A decades-old mystery involving "hoof-shaped" marks on the ocean floor near New Zealand has been solved. Researchers identified them as bite marks left by deep-sea grenadier or rattail fish, shedding light on their feeding habits at great ocean depths.
Mystery Of ‘Hoof Prints’ At The Bottom Of The Sea May Finally Be Solved
It looks like the mystery surrounding some "hoof-shaped" traces found on the ocean floor may have finally been answered.
The National Institute of Water and Atmospheric Research (NIWA) of New Zealand originally discovered the markings, which are located off its coast, back in 2013.
At 450 meters deep, a survey carried out on an underwater ridge turned up a scattering of what appeared to be hoof prints.
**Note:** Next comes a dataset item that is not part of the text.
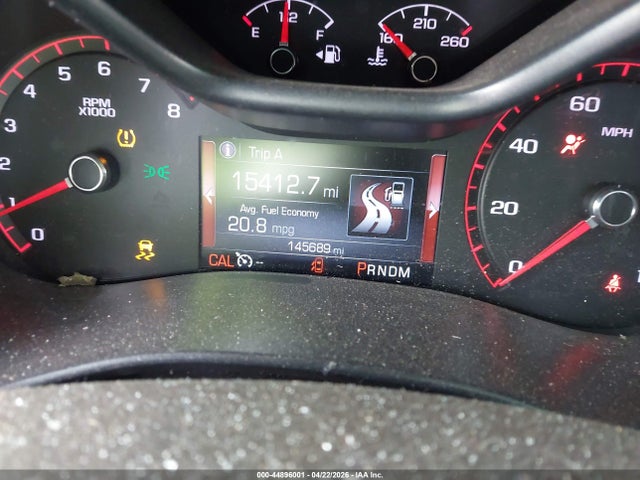 Продаж на аукціоні авто 2015 Gmc Canyon Sle, vin: 1GTH5BE33F1154000, номер лоту: 44896001
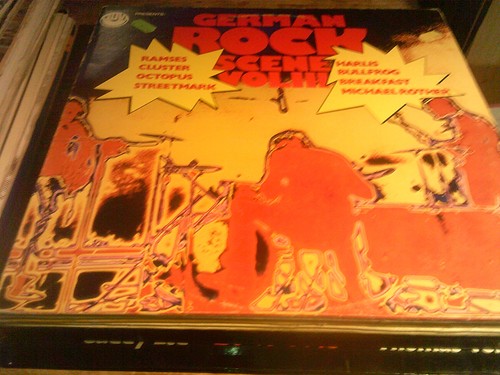 Krautrock sonstiges v - ,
Then, probably not a horse.
It hasn't been evident for the past ten years what produced the markings, but researchers now believe they know why.
Marine biologist Sadie Mills from NIWA said: "NIWA uses a technology called the Deep Towed Imaging System (DTIS) to allow us to see the seafloor in stunning detail.”
"When our people review this footage, they often see markings in the sediment, but unfortunately, most of them are unknown to science and we can only guess what might have made them, let alone find convincing proof."
Scientists believe they have figured out what caused these specific marks, though.
The mystery of the past ten years has now been solved by a new study.
The patterns, according to scientists, seem to match the mouth shape of a kind of fish known as deep-sea grenadiers or rattail fish precisely.
From what the researchers can tell, the markings are probably "bite marks" left by the fish biting into the mud in search of food.
Mills said: "It is so cool to finally have the validation that what we saw on the video was actually rattails feeding in the mud.”
"It's like getting a nice reward at the end of many years of watching DTIS footage."
Stevens added: "The reason we could point to a specific species is because of their unique head features – these types of rattails have a long snout and an extendable mouth on the underside of their head that allow them to feed off the seafloor, something that other species do not.”
"I had a hunch this might work but I was really surprised how well the head profile images matched the impressions."
Since this is some of the only material known to exist illustrating the eating habits of grenadiers, the discovery is all the more intriguing.
The fish often search for food at such extreme depths that it is "rarely if ever, encountered" to see their bite marks.
In addition to unraveling the enigma of the "hoof prints," the researchers also reported not being aware of any recorded evidence of the natural foraging behavior of this specific breed.
This provides an intriguing new perspective on the fish's dietary preferences.
The "hoof-shaped" markings, which had baffled scientists for so long, now offer a valuable glimpse into the world of deep-sea grenadiers.